At the recent Web 2.0 Expo New York, Google unveiled MapGL, a version of their popular maps product which uses WebGL, the new Web Based Graphics Library Standard. With this effort, Google is working on mainstreaming a technology that may be key to the future of web applications.
What is WebGL?
The applications can now run and modify fairly complex 3D web-based applications. This is going to be a huge boon for online games, as can be witnessed from early examples like the recent implementations of web-based versions of Quake and X-wing, and also have substantial other uses. For example, the Google body browser allows users to get a better sense of how the human body works and someone put together a very convincing webgl photo editor that can handle a substantial amount of the basic image editing needs most people have. In science, a lot of representation can now be fred so scientist can experiment with different views of the data on an experiment.

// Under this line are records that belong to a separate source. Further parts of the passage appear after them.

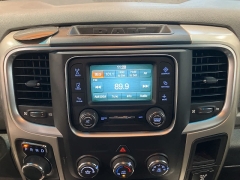 Used 2019  Ram 1500 Classic Warlock 4x4 Crew Cab 5'7" Box at Maxx Loans near St&period; Adrian&comma; MI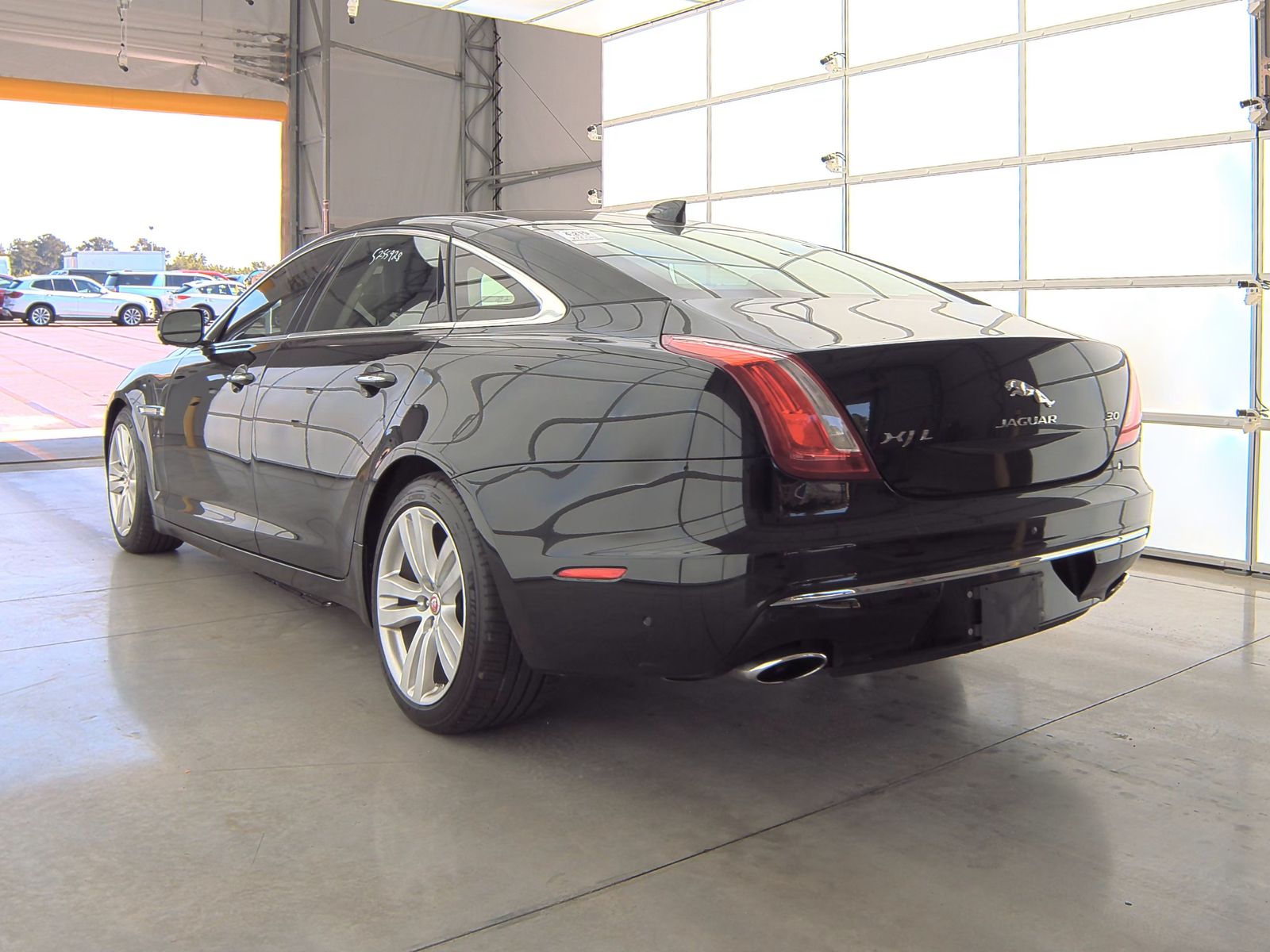 2016 Jaguar XJ L Portfolio RWD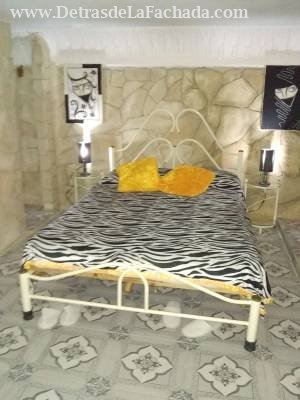 Merced nº 262 bajos, Entre Compostela y Picota,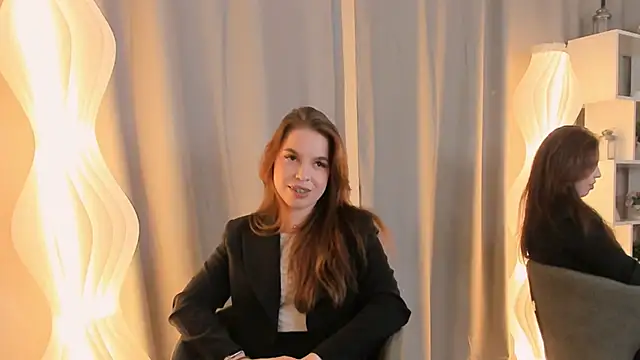 Snapshot of ToniaRoehr chatting on October 4, 2025, 7:50 am ToniaRoehr online show from October 4, 2025, 7:50 am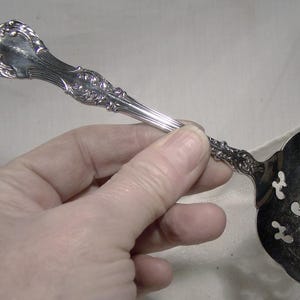 Rogers International Crest Silver Plated Tomato Server 1906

In the future, one could see a lot of data set being presented in 3D using this technology, with the ability to access and manipulate data in real-time and see rich representations of that data immediately.
The bigger picture
For a long time, web applications have been limited to running within the context of a browser and thus sandboxed away from the rest of the operating system. With WebGL, we’re seeing that barrier broken down for the first time and is creating a precedent for the future growth of web applications.
In a way, this is an interesting return to ideas that existed almost 15 years ago. Back then, Microsoft was interested in merging their browser with the operating system. Early alpha versions of IE 7.0 actually had a deeper level of integration with Windows but fears around anti-trust regulations led the company to pull those extensions out.

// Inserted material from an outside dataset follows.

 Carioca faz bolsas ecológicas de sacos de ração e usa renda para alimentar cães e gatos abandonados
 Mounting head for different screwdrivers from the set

To open up the web to deeper level of integrations with lower level processes could mean a variety of new possibilities. While web applications have long been limited by the browser sandbox, webGL now opens the door for a substantially improved experience as it gives the web access to a lot of the power that has been resident on users’ desktops. For a couple of decades, the web has been sipping that power through a straw but with WebGL, it’s as if the straw had been replaced by a firehose when it comes to graphic processing power.
For almost two decades now, many people have tried to make 3D on the web a reality (a little known fact, for example, is that Mike McCue, the man behind TellMe and now Flipboard, got his web start with a plugin that allowed the Netscape browser to display complex 3-D models) but many of those effort failed. A large reason for those early failure was that the different solutions presented were often limited to what the web browser could handle and until recently, it was considered a big no-no for the browser to access any low level processes.
But a few entrepreneurs had a more long term vision. In the 1990s, Marc Andreessen quipped that his browser would reduce the Windows operating system to “a set of poorly debugged device drivers”. While many have laughed this off as bravura on the part of a young man (he was in his 20s then), the concept of the web browser as central to computing experience is no laughing matter and it appears that the browser is now getting to that point where it could truly reduce operating systems to what he had envisioned in the 90s.
While 3D processing is but one frontier being broken by WebGL, it is an important one because, for the first time, web browsers are given access to low level processing without requiring plug-ins or authorization from the end-user. This will, of course, represent a set of new security challenges as code that is interpreted by 3D rendering engine gets pretty close to the heart of the machine (and traditionally, the code that has been allowed this privilege has been tightly controlled at the distribution channel level, with 3D gaming being mostly manufactured and distributed by a few people. By contrast, the whole web is mostly open to everyone with few or no limitations, opening it up as a potential attack vector).
Now that this frontier has been broken (and one could say that the door was initially opened when HTML5 was allowed to do geolocation), imagine what some of the next offerings that will build on this precedent could bring: in the future, we could see web applications being allowed to access cameras, microphones, accelerometers, and other parts of electronic devices across all web browsers. This could mean that applications that now run on your desktop could truly break free from that format and run exclusively from the web.
In the past few years, the idea of breaking down applications into smaller and smaller components to be distributed through an app store has taken hold of the computing industry, potentially challenging the idea of applications running from the web itself. With the rise of WebGL, the graphic rendering portion of those applications is something that now has accomplished feature parity. Sound will be next and access to device components will probably follow.
Web applications’ future has been challenged by apps and the web has answered the challenge, allowing for a set of offerings that will be richer and will present themselves in a way that will make it hard to differentiate between a native and a web application, Eventually, we will see WebGL being implemented on mobile devices browsers (the processing power is there and I suspect it’s something we will see appearing within a couple of years), radically reshaping the web app vs. store app debate.